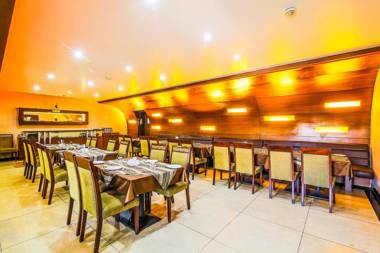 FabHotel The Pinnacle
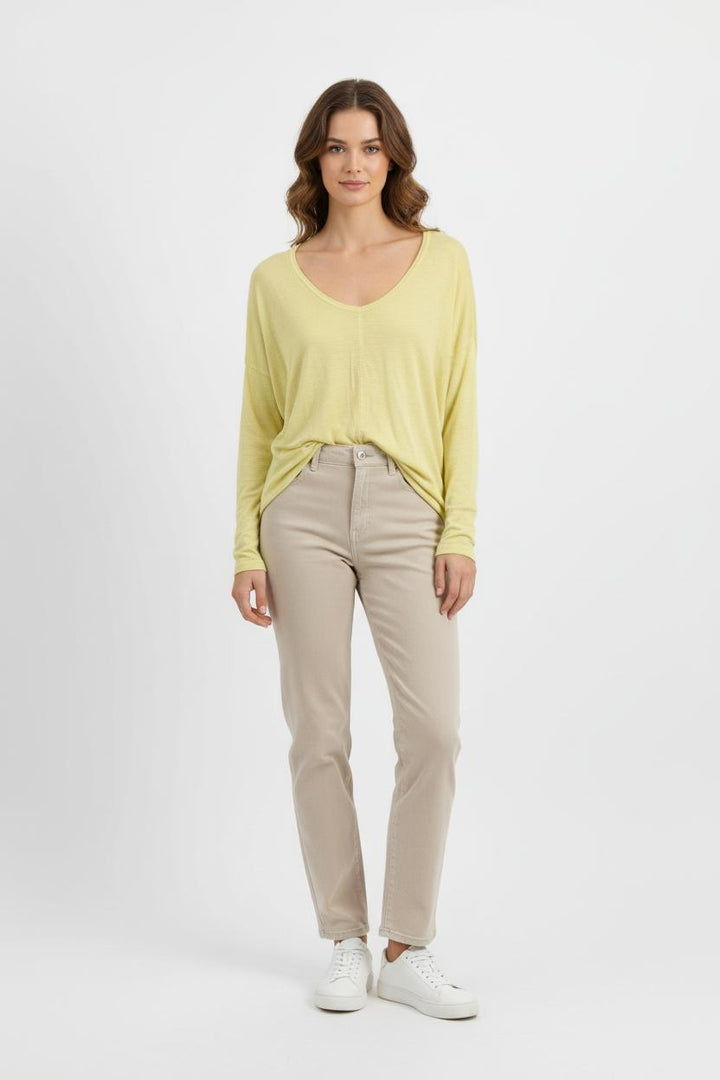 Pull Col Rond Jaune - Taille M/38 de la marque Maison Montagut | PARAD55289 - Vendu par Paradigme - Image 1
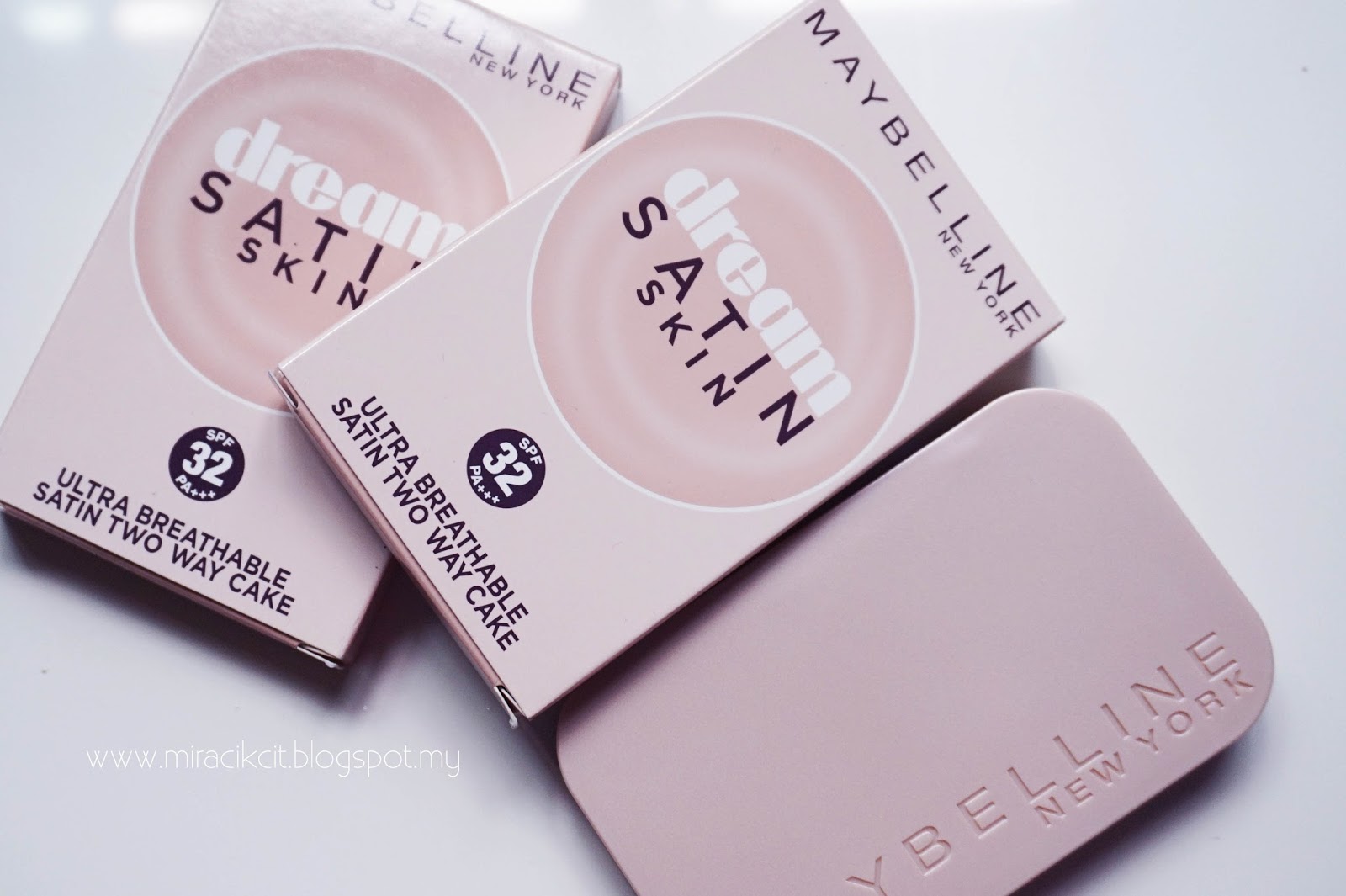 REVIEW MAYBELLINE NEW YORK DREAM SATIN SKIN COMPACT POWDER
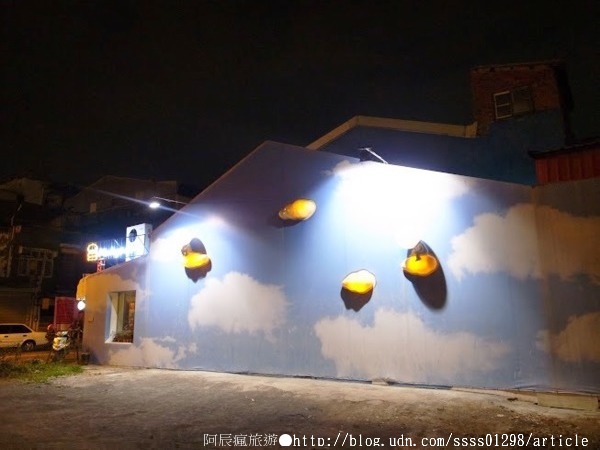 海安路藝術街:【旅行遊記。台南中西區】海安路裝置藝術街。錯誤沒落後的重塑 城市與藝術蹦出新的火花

====

What you should do:
Please retype the whole listing above word for word and drop the pictures.

Response to this task:
 FabHotel The Pinnacle
 Pull Col Rond Jaune - Taille M/38 de la marque Maison Montagut | PARAD55289 - Vendu par Paradigme - Image 1
 REVIEW MAYBELLINE NEW YORK DREAM SATIN SKIN COMPACT POWDER
 海安路藝術街:【旅行遊記。台南中西區】海安路裝置藝術街。錯誤沒落後的重塑 城市與藝術蹦出新的火花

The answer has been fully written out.